Highlights
• Global mobility, climate pressures, and ecological change drive emerging infections.
• Highly pathogenic influenza strains, including H5N1, pose ongoing spillover risks and pandemic potential.
• SARS, MERS, and COVID-19 illustrate the pandemic potential of novel coronaviruses.
• Nipah, Ebola, Pteropine orthoreovirus and Zika remain high-impact threats for global health security.
• Mass gatherings can amplify transmission risks of emerging high-consequence viruses.

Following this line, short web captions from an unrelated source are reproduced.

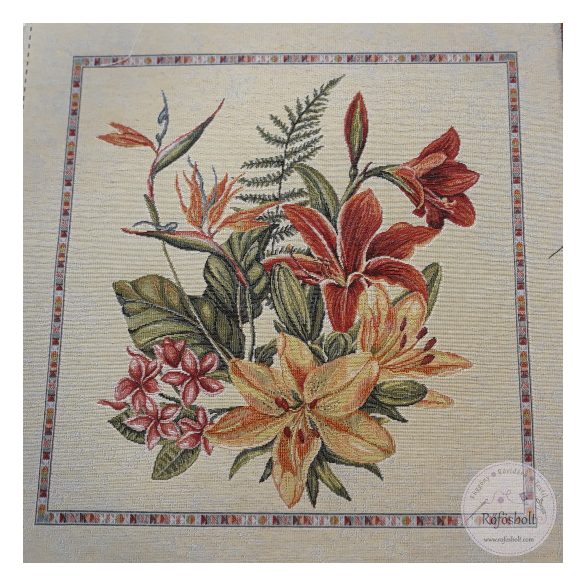 Liliom és papagáj virág, 47×47 cm párna panel (ME4786)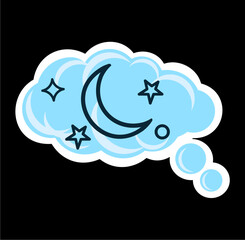 Hand drawn blue cloud icon with crescent moon and stars, symbolizing creativity and imaginative ideas. Perfect for branding, apps, or designs that focus on inspiration and dreams.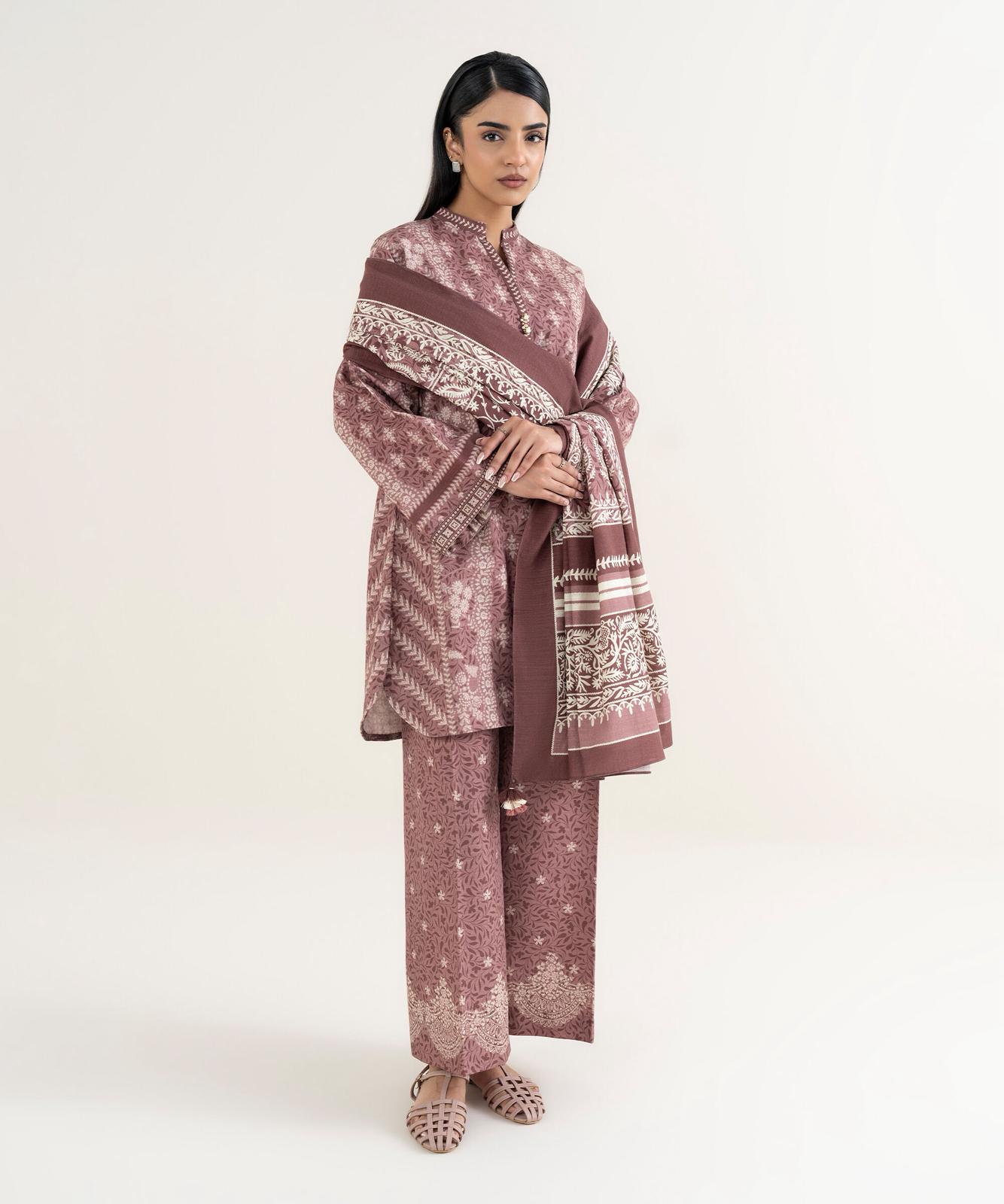 Sapphire Cotton Three Piece Suit SP-CT-PNK03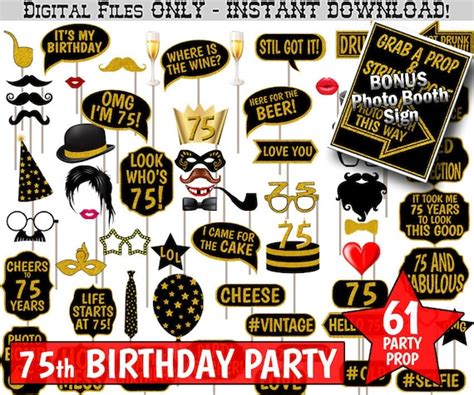 Th Birthday Party Photo Booth Props Black And Gold Glitter Etsy Nederland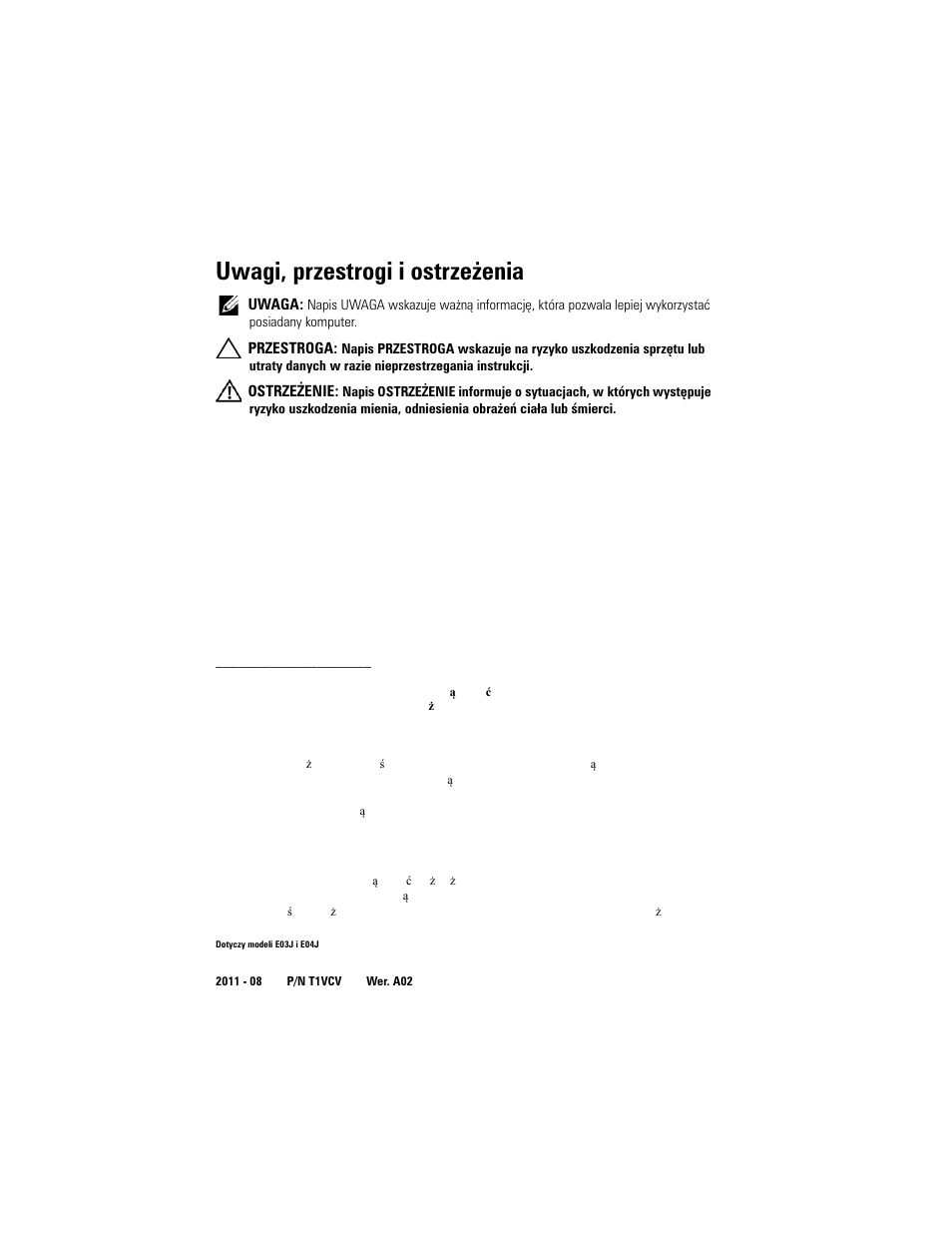 Uwagi, przestrogi i ostrzeżenia | Dell POWERVAULT MD3620I User Manual | Page 112 / 222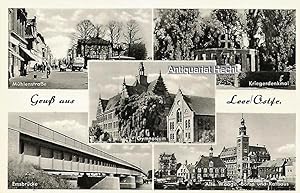 Ansichtskarte "Gruß aus Leer/Ostfriesland" 5 Motive 50er Jahre.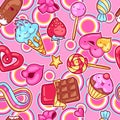 Seamless kawaii pattern with sweets and candies. Crazy sweet-stuff in cartoon style Royalty Free Stock Photo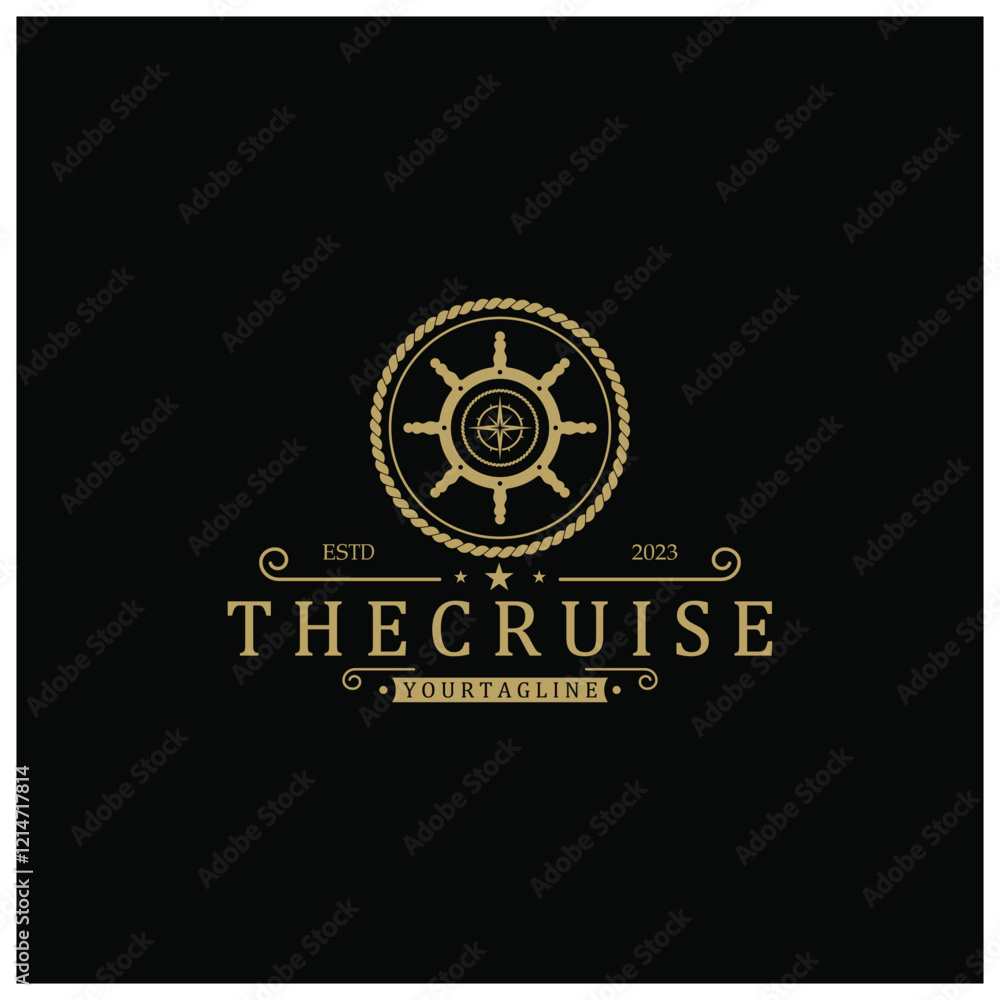Obraz premium The cruise logo,ship steering logo, boat, yacht, rope, maritime, anchor. Logo for business, sailor, sailing, tourism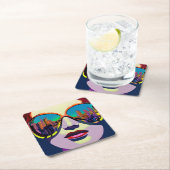 Abstrakte Frau in Sonnenbrille mit City Reflection Rechteckiger Pappuntersetzer (Vor Ort)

• Strengthened surveillance, diagnostics, and One Health strategies are essential for pandemic preparedness.
Abstract
Emerging infectious diseases have risen significantly in the twenty-first century as ecological disruption, climate change, expanding human–animal interfaces, and global mobility intensify opportunities for pathogen transmission. This review synthesizes historical and contemporary evidence across viral, bacterial, fungal, and parasitic threats to characterize how diverse pathogens emerge and spread. Foundational events such as the 1918 influenza pandemic, mid-century influenza pandemics, the emergence of HIV/AIDS, and the eradication of smallpox provide context for understanding modern disease dynamics. In recent decades, coronaviruses including SARS, MERS, and SARS-CoV-2, pandemic H1N1, avian influenza subtypes, and major arboviruses such as dengue, chikungunya, Zika, West Nile virus, and yellow fever have demonstrated the rapidity with which zoonotic pathogens can disseminate globally. Viral hemorrhagic fevers including Ebola, Marburg, Lassa, and Crimean–Congo hemorrhagic fever remain critical threats, especially in regions with limited health-care capacity. Concurrently, antimicrobial resistance, the emergence of Candida auris, and the climate-driven expansion of endemic mycoses involving Histoplasma, Coccidioides, and Blastomyces highlight the increasing importance of fungal pathogens. Parasitic diseases such as artemisinin-resistant malaria, zoonotic trypanosomiasis, and expanding Leishmania transmission reflect shifting ecological conditions. These patterns are shaped by intersecting drivers including deforestation, wildlife trade, agricultural intensification, urban crowding, conflict, and rapid microbial evolution that enable spillover and sustained transmission. Although advances in genomic surveillance, metagenomic diagnostics, mRNA vaccines, monoclonal antibodies, and broad-spectrum antivirals have strengthened global response capacity, substantial gaps persist in equity, surveillance, and access to countermeasures. Strengthening One Health systems and resilient public health infrastructures is essential to anticipate and mitigate emerging infectious threats.